[LintCode] #102 LinkedList Cycle II

N - distance from head to the node of cycle begins
M - the number of nodes in the cycle
K - the distance from node of cycle begins to the node fast and slow pointer meet

fast = N + xM + K
slow = N + yM + K
fast = 2 slow

=> N + K = (x - 2y) * M

We know when fast and slow meet, they are at Kth node in the cycle, it takes N steps to move from the Kth node in the cycle to the first node in the cycle. How to move this N steps?

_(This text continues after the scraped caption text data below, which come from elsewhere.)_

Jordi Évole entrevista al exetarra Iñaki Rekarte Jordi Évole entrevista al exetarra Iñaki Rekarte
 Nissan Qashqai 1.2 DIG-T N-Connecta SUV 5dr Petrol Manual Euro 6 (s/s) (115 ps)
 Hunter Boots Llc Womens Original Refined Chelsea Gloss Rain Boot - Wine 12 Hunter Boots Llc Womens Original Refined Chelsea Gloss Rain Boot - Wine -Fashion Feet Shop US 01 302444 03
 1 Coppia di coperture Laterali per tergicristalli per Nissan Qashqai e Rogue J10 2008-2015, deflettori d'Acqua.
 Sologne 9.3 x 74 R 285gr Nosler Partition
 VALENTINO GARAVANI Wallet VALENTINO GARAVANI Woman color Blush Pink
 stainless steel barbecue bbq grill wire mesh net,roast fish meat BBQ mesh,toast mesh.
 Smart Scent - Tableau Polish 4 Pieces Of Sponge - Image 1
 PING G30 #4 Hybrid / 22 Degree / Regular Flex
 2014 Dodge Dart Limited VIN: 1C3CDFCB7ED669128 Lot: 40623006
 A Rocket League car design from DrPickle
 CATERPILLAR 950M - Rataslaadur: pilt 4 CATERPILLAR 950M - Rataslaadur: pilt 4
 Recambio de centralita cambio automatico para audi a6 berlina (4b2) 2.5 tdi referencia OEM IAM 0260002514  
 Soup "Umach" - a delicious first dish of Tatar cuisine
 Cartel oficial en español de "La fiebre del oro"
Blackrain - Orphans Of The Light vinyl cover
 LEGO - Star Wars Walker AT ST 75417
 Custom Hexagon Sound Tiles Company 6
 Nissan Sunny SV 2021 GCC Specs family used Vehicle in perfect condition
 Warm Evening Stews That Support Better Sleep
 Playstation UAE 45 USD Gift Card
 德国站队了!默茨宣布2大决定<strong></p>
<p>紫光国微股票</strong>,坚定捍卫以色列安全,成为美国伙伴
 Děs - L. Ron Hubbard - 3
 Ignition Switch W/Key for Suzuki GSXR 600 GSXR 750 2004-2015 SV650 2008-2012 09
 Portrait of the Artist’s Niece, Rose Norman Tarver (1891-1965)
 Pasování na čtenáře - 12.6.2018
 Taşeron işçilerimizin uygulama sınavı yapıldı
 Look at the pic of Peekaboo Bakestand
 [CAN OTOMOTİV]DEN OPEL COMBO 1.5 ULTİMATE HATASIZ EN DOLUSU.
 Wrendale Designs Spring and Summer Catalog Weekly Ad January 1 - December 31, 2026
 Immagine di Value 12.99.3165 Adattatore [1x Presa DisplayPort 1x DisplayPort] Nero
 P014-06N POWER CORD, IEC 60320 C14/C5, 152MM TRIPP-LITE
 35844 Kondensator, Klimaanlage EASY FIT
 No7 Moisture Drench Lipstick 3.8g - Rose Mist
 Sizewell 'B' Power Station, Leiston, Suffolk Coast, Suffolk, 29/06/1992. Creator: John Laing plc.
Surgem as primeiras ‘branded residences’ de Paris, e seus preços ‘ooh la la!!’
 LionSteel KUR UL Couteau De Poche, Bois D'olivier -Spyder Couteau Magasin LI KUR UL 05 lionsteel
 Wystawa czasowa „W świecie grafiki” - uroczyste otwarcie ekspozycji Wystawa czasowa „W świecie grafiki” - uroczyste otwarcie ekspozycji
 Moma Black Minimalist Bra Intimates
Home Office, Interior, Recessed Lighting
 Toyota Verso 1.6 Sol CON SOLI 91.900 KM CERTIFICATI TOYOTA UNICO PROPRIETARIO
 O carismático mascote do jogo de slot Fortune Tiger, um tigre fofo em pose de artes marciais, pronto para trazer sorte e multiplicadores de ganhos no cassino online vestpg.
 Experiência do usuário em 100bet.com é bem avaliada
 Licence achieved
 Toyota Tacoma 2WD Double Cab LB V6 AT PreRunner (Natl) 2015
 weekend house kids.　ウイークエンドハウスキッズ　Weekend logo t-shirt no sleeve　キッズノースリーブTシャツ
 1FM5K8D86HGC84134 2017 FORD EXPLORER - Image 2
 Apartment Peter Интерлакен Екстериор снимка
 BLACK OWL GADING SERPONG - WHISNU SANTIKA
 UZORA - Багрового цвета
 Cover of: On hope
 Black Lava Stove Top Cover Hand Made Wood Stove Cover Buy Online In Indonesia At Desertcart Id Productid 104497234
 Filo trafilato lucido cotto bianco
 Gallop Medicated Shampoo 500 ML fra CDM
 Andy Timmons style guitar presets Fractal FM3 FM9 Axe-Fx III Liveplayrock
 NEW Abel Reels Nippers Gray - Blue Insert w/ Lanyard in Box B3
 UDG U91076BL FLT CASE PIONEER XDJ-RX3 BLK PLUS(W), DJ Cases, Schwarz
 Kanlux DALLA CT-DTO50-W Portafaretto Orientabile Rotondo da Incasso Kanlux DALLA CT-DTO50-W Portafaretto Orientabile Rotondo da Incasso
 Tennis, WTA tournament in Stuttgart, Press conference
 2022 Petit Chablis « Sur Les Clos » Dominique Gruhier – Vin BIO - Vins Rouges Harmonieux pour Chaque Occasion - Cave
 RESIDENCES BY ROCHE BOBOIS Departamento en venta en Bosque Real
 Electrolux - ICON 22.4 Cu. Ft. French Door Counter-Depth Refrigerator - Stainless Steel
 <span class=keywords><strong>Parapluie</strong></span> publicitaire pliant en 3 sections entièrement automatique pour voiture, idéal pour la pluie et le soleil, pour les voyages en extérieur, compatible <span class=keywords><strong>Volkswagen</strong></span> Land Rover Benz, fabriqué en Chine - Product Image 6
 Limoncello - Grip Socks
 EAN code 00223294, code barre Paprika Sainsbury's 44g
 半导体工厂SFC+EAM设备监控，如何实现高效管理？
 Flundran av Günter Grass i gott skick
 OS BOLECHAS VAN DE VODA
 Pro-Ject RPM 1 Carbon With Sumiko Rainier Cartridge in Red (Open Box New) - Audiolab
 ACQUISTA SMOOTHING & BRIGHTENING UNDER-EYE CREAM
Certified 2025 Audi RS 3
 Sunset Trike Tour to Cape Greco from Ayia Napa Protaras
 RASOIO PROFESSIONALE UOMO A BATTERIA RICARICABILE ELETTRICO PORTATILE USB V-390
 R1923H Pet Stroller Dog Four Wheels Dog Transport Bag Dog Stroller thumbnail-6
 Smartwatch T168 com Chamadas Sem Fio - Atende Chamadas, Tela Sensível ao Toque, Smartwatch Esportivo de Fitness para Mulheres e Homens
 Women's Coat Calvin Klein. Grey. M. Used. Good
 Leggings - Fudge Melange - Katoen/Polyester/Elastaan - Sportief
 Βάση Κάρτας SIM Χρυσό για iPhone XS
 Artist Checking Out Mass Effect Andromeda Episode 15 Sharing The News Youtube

We know the distance from head to the node where cycle begins is also N. So, we just need to move fast or slow to head and keep step+1 until the two pointers meet.

/**
 * Definition for ListNode.
 * public class ListNode {
 *     int val;
 *     ListNode next;
 *     ListNode(int val) {
 *         this.val = val;
 *         this.next = null;
 *     }
 * }
 */ 
public class Solution {
    /**
     * @param head: The first node of linked list.
     * @return: The node where the cycle begins. 
     *           if there is no cycle, return null
     */
    public ListNode detectCycle(ListNode head) {  
        // write your code here
        ListNode fast = head;
        ListNode slow = head;
        while (fast != null && fast.next != null) {
            slow = slow.next;
            fast = fast.next.next;
            if (fast == slow) {
                fast = head;
                while (fast != slow) {
                    fast = fast.next;
                    slow = slow.next;
                }
                return fast;
            }
        }
        return null;
    }
}